L'appelant est un collectionneur d'articles souvenirs John Deere. Pour établir ce fait, il a soumis au Tribunal des photographies de plusieurs articles de sa collection. Le couteau en cause, que l'appelant a acheté par l'intermédiaire d'un site d'encan Web situé aux États-Unis et qui lui a été expédié par la poste, devait faire partie de sa collection. En fait, le couteau n'était pas destiné à un usage pratique, mais devait plutôt être conservé comme objet de collection et peut-être revendu; il est possible de présumer que la valeur de cet objet de collection augmenterait au fil du temps si le couteau en cause était conservé dans son état original et, particulièrement, dans son emballage original non ouvert. Cependant, le couteau en cause n'a jamais été livré, puisqu'il a été saisi par l'intimé au moment de son entrée au Canada. L'appelant a prétendu qu'il n'aurait jamais commandé le couteau en cause s'il avait cru qu'il pouvait s'agir d'une arme prohibée. Il a soutenu qu'il est facile de se procurer au Canada des couteaux semblables ou identiques auprès de divers établissements de vente au détail, y compris des coopératives agricoles, des magasins d'articles de sport et des vendeurs ambulants, et que plusieurs agriculteurs portent de tels couteaux et s'en servent dans leurs activités agricoles quotidiennes. L'appelant a montré plusieurs autres couteaux qu'il possède; il a affirmé que ces couteaux sont semblables ou identiques au couteau en cause du point de vue de leur fonctionnement général. Il a de plus affirmé posséder un autre couteau John Deere identique à tous égards au couteau en cause. Il a témoigné que cet autre couteau et le couteau en cause avaient été achetés par l'intermédiaire du même site d'encan Web situé aux États-Unis, mais que l'intimé n'avait pas saisi ce premier couteau. Pour l'essentiel, l'appelant a soutenu ne pas pouvoir comprendre pourquoi l'intimé avait retenu le couteau en cause, au motif qu'il s'agissait d'une arme dangereuse, alors même qu'il est facilement possible d'obtenir d'autres articles semblables ou identiques sur le marché canadien, ou que ceux-ci ne sont pas toujours saisis à leur entrée par la poste au Canada. L'appelant a soutenu que son seul intérêt eu égard au reclassement du couteau en cause et à la mainlevée pertinente consistait à ajouter ledit couteau à sa collection d'articles souvenirs John Deere. L'appelant a de plus soutenu que la loi est soit désuète soit appliquée de façon inconsistante.
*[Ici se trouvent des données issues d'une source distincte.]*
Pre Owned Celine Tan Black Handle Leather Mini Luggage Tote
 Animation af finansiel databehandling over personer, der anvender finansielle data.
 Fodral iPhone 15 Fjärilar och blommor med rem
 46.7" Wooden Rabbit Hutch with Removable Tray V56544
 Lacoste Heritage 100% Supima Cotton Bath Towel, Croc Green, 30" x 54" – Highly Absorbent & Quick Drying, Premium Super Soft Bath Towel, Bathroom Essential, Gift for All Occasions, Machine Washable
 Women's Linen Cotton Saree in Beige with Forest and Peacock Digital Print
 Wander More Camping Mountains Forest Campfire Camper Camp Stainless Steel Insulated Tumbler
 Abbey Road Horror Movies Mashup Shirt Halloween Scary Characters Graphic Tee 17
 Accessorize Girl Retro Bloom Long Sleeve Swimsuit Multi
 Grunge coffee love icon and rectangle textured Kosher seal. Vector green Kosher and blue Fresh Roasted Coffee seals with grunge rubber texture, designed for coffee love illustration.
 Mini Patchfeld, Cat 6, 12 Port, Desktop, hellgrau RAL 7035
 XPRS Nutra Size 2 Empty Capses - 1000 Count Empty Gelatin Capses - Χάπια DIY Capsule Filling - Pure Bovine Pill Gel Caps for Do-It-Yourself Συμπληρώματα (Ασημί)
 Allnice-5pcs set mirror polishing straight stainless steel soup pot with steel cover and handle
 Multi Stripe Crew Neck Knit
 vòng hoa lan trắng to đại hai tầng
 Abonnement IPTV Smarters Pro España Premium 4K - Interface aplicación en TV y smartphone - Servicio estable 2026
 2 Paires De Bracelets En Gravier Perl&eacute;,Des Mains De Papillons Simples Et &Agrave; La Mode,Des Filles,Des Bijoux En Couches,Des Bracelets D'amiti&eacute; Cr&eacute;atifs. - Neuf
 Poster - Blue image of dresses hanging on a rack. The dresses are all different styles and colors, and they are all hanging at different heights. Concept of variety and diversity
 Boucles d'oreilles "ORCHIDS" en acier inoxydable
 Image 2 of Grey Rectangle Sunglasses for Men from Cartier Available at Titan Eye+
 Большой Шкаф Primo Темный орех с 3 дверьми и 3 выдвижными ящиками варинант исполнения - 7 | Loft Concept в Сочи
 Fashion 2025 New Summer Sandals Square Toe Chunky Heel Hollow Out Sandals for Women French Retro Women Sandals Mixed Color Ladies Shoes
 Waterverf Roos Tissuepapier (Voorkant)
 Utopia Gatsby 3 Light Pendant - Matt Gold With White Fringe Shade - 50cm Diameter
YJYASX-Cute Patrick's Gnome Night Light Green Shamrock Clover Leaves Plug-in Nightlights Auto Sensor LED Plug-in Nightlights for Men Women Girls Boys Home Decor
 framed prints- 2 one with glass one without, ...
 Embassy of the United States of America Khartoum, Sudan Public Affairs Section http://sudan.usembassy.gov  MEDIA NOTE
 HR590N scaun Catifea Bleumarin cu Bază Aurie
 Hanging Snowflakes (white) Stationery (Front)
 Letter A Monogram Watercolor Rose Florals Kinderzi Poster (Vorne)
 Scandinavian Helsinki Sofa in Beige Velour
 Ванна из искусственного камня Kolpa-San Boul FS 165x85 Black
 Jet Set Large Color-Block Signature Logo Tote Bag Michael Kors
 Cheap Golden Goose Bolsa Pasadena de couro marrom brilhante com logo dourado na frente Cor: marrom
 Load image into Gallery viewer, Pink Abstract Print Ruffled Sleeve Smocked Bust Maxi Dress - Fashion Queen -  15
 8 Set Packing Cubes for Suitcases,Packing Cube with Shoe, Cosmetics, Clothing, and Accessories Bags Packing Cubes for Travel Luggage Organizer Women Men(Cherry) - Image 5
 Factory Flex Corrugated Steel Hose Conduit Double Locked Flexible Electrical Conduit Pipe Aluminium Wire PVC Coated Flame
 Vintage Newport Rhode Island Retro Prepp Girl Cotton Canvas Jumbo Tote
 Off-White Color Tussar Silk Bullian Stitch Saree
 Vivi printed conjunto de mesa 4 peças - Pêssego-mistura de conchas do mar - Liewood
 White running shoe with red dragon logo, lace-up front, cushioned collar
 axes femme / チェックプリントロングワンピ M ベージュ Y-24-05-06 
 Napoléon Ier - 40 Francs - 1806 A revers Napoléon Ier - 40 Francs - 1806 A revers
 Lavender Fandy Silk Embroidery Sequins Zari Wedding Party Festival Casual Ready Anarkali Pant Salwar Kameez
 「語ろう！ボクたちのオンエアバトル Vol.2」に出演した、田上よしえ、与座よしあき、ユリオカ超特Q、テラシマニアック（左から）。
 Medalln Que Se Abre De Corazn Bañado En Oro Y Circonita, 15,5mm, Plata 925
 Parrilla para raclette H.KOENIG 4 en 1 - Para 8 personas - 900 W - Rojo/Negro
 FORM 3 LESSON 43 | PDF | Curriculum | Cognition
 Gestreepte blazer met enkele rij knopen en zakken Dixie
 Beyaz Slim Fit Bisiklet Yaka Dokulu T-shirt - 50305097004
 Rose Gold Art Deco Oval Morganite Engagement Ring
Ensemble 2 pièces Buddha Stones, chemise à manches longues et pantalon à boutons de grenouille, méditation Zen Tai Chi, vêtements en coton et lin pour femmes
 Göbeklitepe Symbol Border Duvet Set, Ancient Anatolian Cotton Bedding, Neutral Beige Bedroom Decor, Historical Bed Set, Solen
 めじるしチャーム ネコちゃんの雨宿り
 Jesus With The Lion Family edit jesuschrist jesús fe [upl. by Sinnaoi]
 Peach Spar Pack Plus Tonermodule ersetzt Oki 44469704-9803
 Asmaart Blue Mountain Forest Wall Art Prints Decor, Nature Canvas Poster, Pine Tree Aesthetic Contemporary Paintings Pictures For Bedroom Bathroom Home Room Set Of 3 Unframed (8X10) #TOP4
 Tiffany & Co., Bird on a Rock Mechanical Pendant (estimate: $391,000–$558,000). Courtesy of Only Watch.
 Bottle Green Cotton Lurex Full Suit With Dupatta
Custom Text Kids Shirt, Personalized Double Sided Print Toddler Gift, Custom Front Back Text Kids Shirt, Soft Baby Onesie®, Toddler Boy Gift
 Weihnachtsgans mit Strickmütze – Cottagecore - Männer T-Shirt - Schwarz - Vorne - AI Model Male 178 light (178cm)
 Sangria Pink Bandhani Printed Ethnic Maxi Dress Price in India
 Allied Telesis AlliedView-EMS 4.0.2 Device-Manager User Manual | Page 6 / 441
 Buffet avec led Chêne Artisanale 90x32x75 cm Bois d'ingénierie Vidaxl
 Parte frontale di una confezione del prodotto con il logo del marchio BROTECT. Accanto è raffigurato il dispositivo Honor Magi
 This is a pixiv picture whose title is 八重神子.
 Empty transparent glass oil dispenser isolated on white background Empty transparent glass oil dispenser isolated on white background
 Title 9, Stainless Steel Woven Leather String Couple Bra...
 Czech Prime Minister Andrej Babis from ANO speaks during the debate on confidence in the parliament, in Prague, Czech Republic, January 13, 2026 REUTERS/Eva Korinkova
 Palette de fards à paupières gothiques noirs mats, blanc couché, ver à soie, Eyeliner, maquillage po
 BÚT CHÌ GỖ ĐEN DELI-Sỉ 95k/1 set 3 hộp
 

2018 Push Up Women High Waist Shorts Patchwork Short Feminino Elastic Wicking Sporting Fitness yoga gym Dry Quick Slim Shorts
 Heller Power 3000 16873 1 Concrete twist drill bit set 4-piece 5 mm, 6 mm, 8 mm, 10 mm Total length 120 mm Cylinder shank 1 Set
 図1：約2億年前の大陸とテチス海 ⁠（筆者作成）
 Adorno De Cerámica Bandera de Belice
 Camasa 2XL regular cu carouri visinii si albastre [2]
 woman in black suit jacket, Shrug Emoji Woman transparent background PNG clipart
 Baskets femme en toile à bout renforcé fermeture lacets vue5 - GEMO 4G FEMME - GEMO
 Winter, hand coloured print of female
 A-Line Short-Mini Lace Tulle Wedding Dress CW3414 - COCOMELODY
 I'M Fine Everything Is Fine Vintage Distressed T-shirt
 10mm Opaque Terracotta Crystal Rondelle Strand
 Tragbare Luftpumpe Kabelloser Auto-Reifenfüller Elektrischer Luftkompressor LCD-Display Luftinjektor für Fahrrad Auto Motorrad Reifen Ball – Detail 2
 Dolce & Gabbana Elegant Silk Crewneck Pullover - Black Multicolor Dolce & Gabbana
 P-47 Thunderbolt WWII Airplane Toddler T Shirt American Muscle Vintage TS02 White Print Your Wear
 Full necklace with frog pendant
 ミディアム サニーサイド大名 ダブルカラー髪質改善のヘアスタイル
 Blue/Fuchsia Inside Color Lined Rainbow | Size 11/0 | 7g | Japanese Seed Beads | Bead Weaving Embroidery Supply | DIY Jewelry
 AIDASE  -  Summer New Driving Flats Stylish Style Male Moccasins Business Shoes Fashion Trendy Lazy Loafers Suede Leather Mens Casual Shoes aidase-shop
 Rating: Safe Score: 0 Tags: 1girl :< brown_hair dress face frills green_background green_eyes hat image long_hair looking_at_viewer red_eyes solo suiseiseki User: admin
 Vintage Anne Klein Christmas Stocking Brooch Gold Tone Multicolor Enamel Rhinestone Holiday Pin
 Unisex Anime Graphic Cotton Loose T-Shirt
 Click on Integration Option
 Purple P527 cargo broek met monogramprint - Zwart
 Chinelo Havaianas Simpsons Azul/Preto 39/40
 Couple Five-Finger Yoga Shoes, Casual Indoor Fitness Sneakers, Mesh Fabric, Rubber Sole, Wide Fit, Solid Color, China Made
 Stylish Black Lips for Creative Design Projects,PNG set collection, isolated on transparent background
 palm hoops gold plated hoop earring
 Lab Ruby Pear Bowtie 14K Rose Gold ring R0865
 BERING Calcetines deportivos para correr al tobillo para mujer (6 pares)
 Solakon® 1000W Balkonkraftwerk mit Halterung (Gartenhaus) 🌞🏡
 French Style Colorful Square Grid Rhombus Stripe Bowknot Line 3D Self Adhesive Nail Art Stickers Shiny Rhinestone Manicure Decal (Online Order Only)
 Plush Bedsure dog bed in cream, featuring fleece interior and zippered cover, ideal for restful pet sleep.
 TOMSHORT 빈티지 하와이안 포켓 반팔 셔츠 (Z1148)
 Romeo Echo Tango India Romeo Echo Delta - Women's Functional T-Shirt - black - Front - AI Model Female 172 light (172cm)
M. Jacques Saucier, agent principal de programme, Agence des douanes et du revenu du Canada, a témoigné au nom de l'intimé. M. Saucier a démontré la manière dont le couteau en cause fonctionne, et plus précisément la manière dont le couteau s'ouvre et se referme. Il a tenu le couteau en cause dans la main droite, la lame du côté de son corps et, par un brusque mouvement du poignet dirigeant la lame loin du corps, a fait s'éjecter la lame du manche du couteau, celle-ci se verrouillant en position ouverte. M. Saucier a démontré que le couteau en cause se replie lorsqu'on appuie sur une pièce de métal qui se trouve à l'intérieur du manche du couteau et ramène la lame en position fermée. M. Saucier a exécuté cette manoeuvre à plusieurs reprises, à partir de plusieurs angles, à la satisfaction des deux parties et du Tribunal.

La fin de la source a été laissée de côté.